Some notes I took at a Preaching Seminar a while back...
Preaching to the Heart – Tim Keller, Oak Hill College, 19/11/08
Tolkien noted that a good sermon involves:
ART / VIRTUE / KNOWLEDGE
Col 1:28-29
Admonishing – preaching into lives & situations (SITUATIONAL)
Labouring – aspect of personal experience and involvement (VIRTUE)
Teaching – need knowledge / information / objective truth (NORMATIVE)

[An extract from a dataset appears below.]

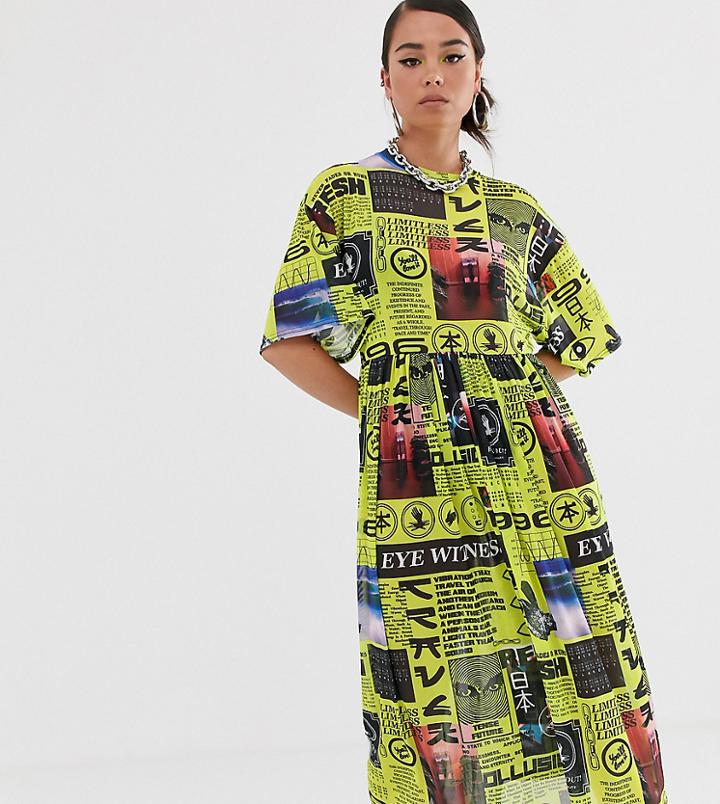Collusion Media Print Mesh Smock Midi Dress-multi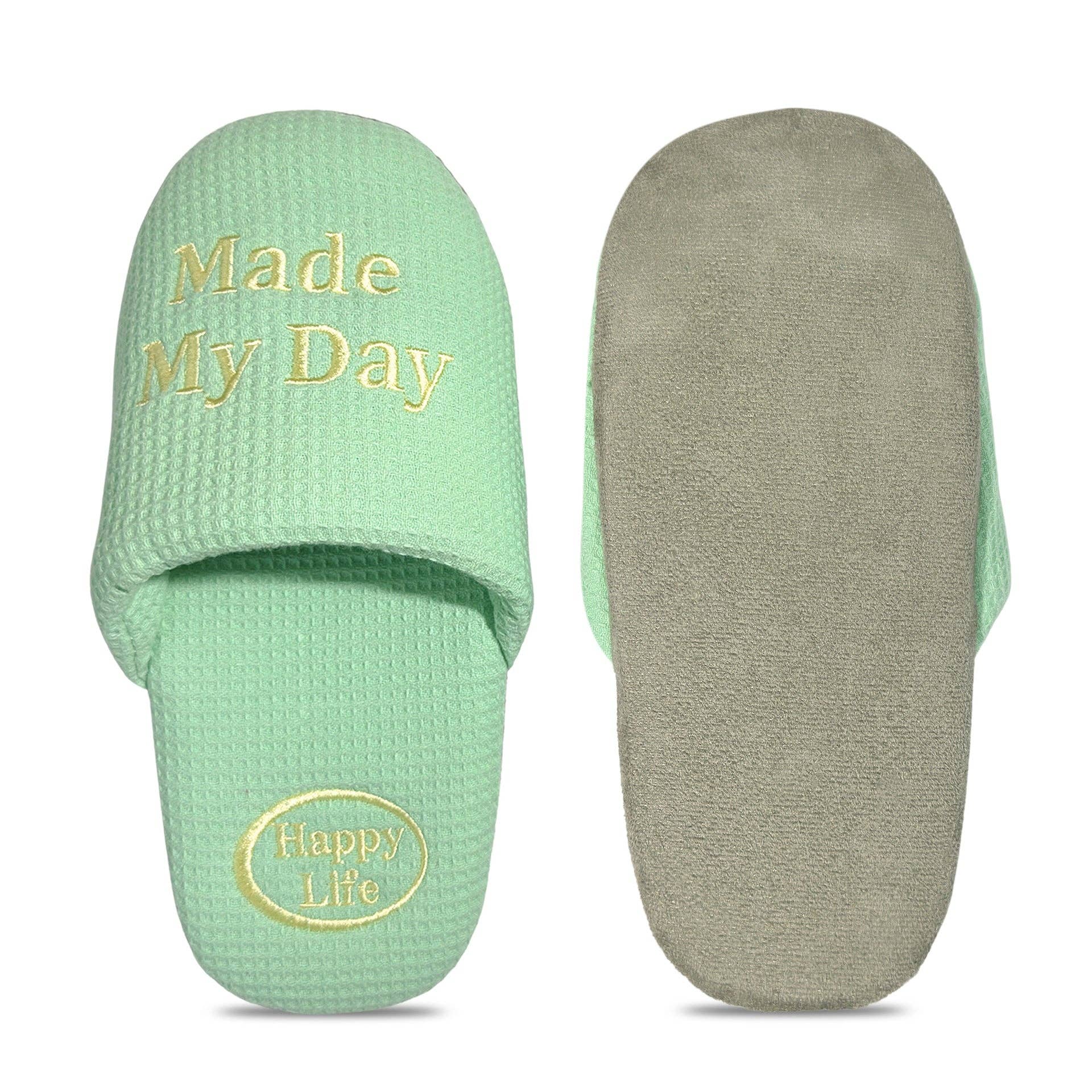 Dipped Shop – Engroshandel Slippers - Dame – Bløde Brev Broderede Vaffel Indendørs Tøfler DP25F8996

When you preach – people are assessing you personally
Evangelicals don’t like that – tend to belittle the Situational & Virtue aspects
i.e. it should just be about the truth I speak – but the reality is you can’t separate the message from yourself or your listeners
U.S. preaching – often excessively situational
Big emphasis on performance / moving people emotionally / being anecdotal
Big weakness is that it lacks knowledge
Our weakness, on the other hand, is often we lack situational invlovement
NEW PREACHERS
Main complaint – good exegesis but lacking in application
The sermons are boney & lack flesh – their word hasn’t become flesh
Can be due to lack of personal / pastoral experience
Jonathan Edwards: purpose of sermon not just to make truth clear but to make it real
Purpose in preaching is to change people even as they listen
APPLICATION
Shouldn’t be tacked on the end of our preparation
But should be in our minds at the beginning of our preparation
Dt 29:29 - Revealed things are there to be obeyed / put into practise / followed
Therefore – there is no part of God’s revelation that is not practical
Everything in the Bible is application
Thus: if you don’t know how a text is to be applied then you haven’t understood it!
Application & Meaning are not different.
Word / Act theory
i.e. Knowing the definition of a word is not the same as understanding the intention behind its use
e.g. Can study a Psalm and breakdown language / understand context – but then need to ask what is the Psalm designed to do?